If DLI lakehouse tables using Hive syntax are used, set this parameter to true.

  • Source Parallelism Inference

    By default, Flink infers the hive source parallelism based on the number of splits, and the number of splits is based on the number of files and the number of blocks in the files.

    Flink allows you to flexibly configure the policy of parallelism inference. You can configure the following parameters in TableConfig (note that these parameters affect all sources of the job):

    Key

    Default

    Type

    Description

    table.exec.hive.infer-source-parallelism

    true

    Boolean

    If it is true, source parallelism is inferred according to splits number.

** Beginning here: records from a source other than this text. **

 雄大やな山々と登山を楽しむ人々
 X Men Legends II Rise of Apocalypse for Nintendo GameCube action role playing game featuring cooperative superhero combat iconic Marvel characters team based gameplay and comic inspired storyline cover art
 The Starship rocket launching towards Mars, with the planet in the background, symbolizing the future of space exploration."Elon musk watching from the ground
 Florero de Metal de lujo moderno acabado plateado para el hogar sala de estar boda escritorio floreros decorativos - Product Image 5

If it is false, parallelism of source is set by config.

    table.exec.hive.infer-source-parallelism.max

    1000

    Integer

    Sets max infer parallelism for source operator.

  • Load Partition Splits

    Multi-thread is used to split hive's partitions. You can use table.exec.hive.load-partition-splits.thread-num to configure the thread number. The default value is 3 and the configured value should be greater than 0.

    Key

    Default

    Type

    Description

    table.exec.hive.load-partition-splits.thread-num

    3

    Integer

    The configured value should be greater than 0.

    SQL hints can be used to apply configurations to a Hive table without changing its definition in the Hive metastore. See Hints | Apache Flink.

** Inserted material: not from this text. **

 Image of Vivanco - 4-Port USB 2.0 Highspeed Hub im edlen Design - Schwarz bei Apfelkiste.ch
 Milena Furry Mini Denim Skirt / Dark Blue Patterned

  • Vectorized Optimization upon Read

    Flink will automatically used vectorized reads of Hive tables when the following conditions are met:

    • Format: ORC or Parquet.
    • Columns without complex data type, like hive types: List, Map, Struct, Union.
      This feature is enabled by default. It may be disabled with the following configuration.
      table.exec.hive.fallback-mapred-reader=true
  • Reading Hive Views

    Flink is able to read from Hive defined views, but some limitations apply:

    • The Hive catalog must be set as the current catalog before you can query the view. This can be done by either tableEnv.useCatalog(...) in Table API or USE CATALOG ... in SQL Client.
    • Hive and Flink SQL have different syntax, e.g. different reserved keywords and literals. Make sure the view's query is compatible with Flink grammar.

Example

  1. Create an OBS table in Hive syntax using Spark SQL and insert 10 data records. Simulate the data source.
    CREATE TABLE IF NOT EXISTS demo.student(
      name STRING, 
     score DOUBLE) 
    PARTITIONED BY (classNo INT) 
    STORED AS PARQUET 
    LOCATION 'obs://demo/spark.db/student';
    
    INSERT INTO demo.student PARTITION(classNo=1) VALUES ('Alice', 90.0), ('Bob', 80.0), ('Charlie', 70.0), ('David', 60.0), ('Eve', 50.0), ('Frank', 40.0), ('Grace', 30.0), ('Hank', 20.0), ('Ivy', 10.0), ('Jack', 0.0);
  2. Demonstrate batch processing using Flink SQL to read data from the Hive syntax OBS table demo.student in batch mode and print it out. Checkpointing is required.
    CREATE CATALOG myhive WITH (
        'type' = 'hive',
        'default-database' = 'demo',
         'hive-conf-dir' = '/opt/flink/conf'
    );
    
    USE CATALOG myhive;
    
    create table if not exists print (
        name STRING, 
        score DOUBLE, 
        classNo INT)
    with ('connector' = 'print');
    
    insert into print
    select * from student;
    Result (out log of TaskManager):
    +I[Alice, 90.0, 1]
    +I[Bob, 80.0, 1]
    +I[Charlie, 70.0, 1]
    +I[David, 60.0, 1]
    +I[Eve, 50.0, 1]
    +I[Frank, 40.0, 1]
    +I[Grace, 30.0, 1]
    +I[Hank, 20.0, 1]
    +I[Ivy, 10.0, 1]
    +I[Jack, 0.0, 1]
  3. Demonstrate stream processing by using Flink SQL to read data from the Hive syntax OBS table demo.student in stream mode and print it out.
    CREATE CATALOG myhive WITH (
        'type' = 'hive' ,
        'default-database' = 'demo',
         'hive-conf-dir' = '/opt/flink/conf'
    );
    
    USE CATALOG myhive;
    
    create table if not exists print (
        name STRING, 
        score DOUBLE, 
        classNo INT)
    with ('connector' = 'print');
    
    insert into print
    select * from student /*+ OPTIONS('streaming-source.enable' = 'true', 'streaming-source.monitor-interval' = '3 m') */;

The SQL hints function is used. SQL hints can be used to apply configurations to a Hive table without changing its definition in the Hive metastore. For details, see SQL Hints.